▶ **INPUT DATA**
########

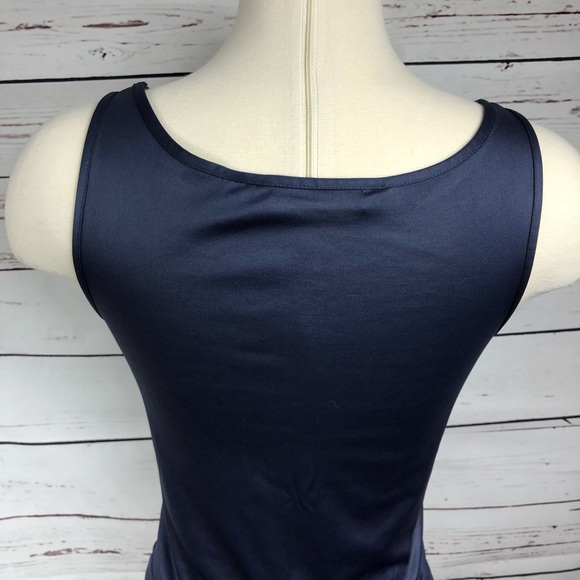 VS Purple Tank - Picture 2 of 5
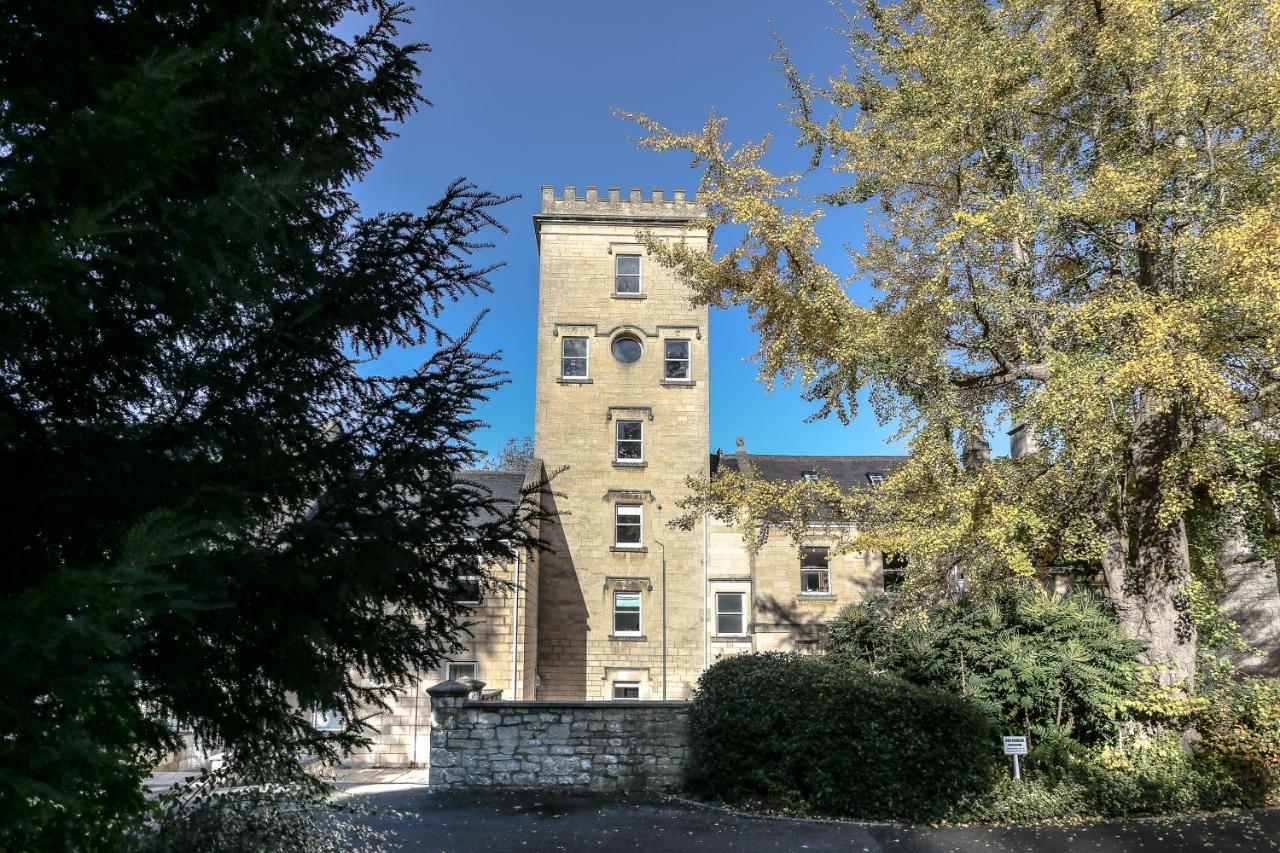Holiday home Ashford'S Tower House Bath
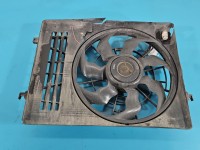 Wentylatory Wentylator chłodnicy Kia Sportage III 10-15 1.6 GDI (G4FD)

########

▶ **WHAT YOU HAVE TO DO**
Since the pictures are not wanted, transcribe only the rest of the material above, exactly as it stands.

▶ **EXPECTED OUTPUT**
 VS Purple Tank - Picture 2 of 5
Holiday home Ashford'S Tower House Bath
 Wentylatory Wentylator chłodnicy Kia Sportage III 10-15 1.6 GDI (G4FD)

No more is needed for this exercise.